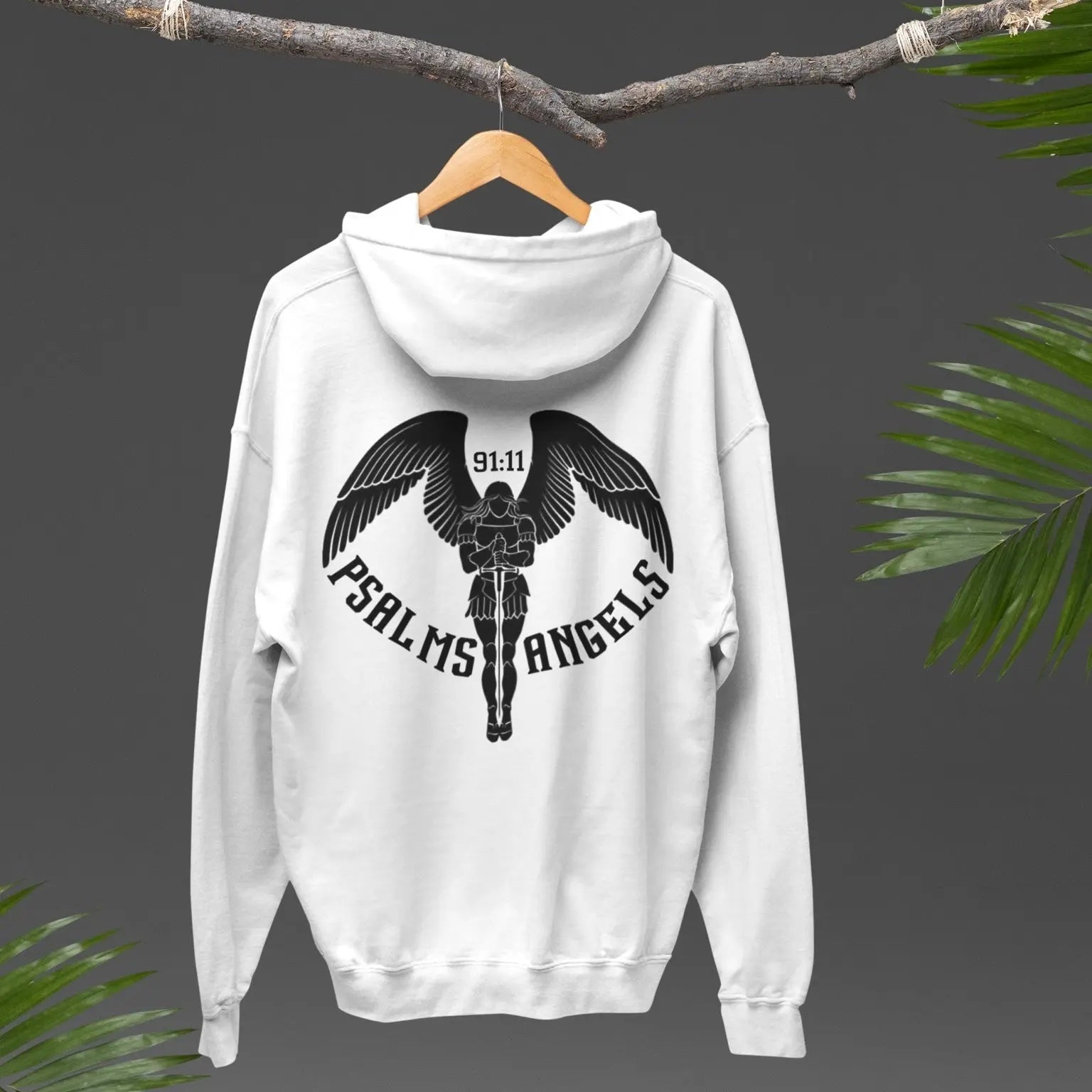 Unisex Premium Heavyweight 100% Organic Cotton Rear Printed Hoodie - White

◆ ◆ ◆

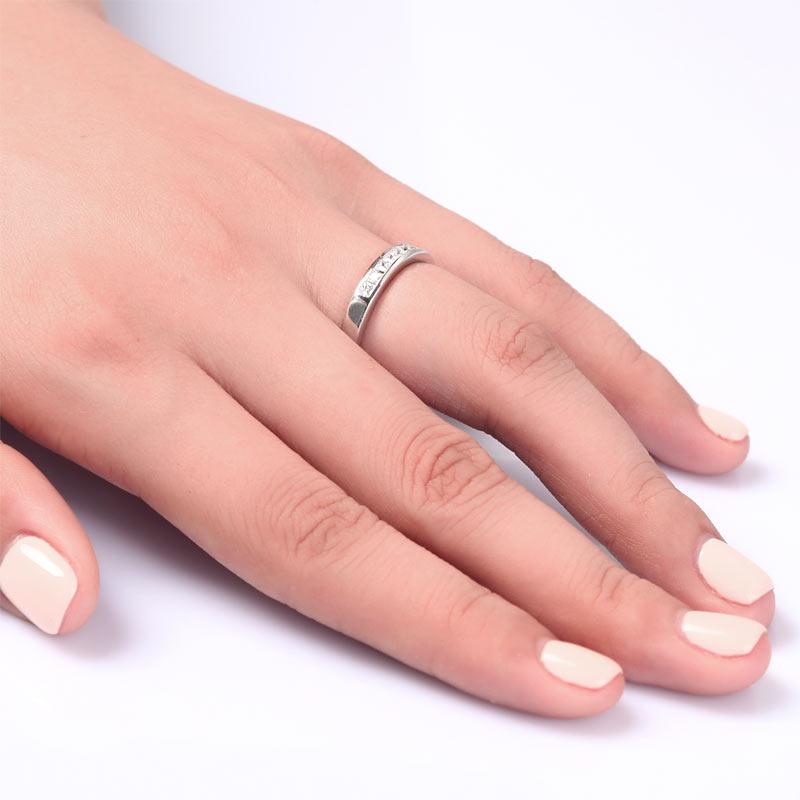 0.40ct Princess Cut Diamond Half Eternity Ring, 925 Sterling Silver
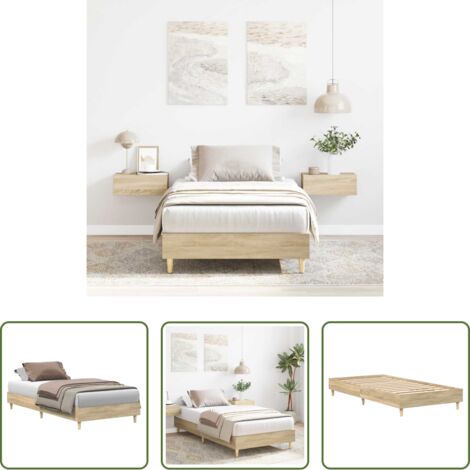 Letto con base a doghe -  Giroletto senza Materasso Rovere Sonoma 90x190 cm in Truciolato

◆ ◆ ◆

— Required work —
Of the records above, print only the lines from the one containing "0.40ct Princess Cut" through the one containing "Letto con base", inclusive and unaltered, leaving out pictures.

— Output below —
 0.40ct Princess Cut Diamond Half Eternity Ring, 925 Sterling Silver
 Letto con base a doghe -  Giroletto senza Materasso Rovere Sonoma 90x190 cm in Truciolato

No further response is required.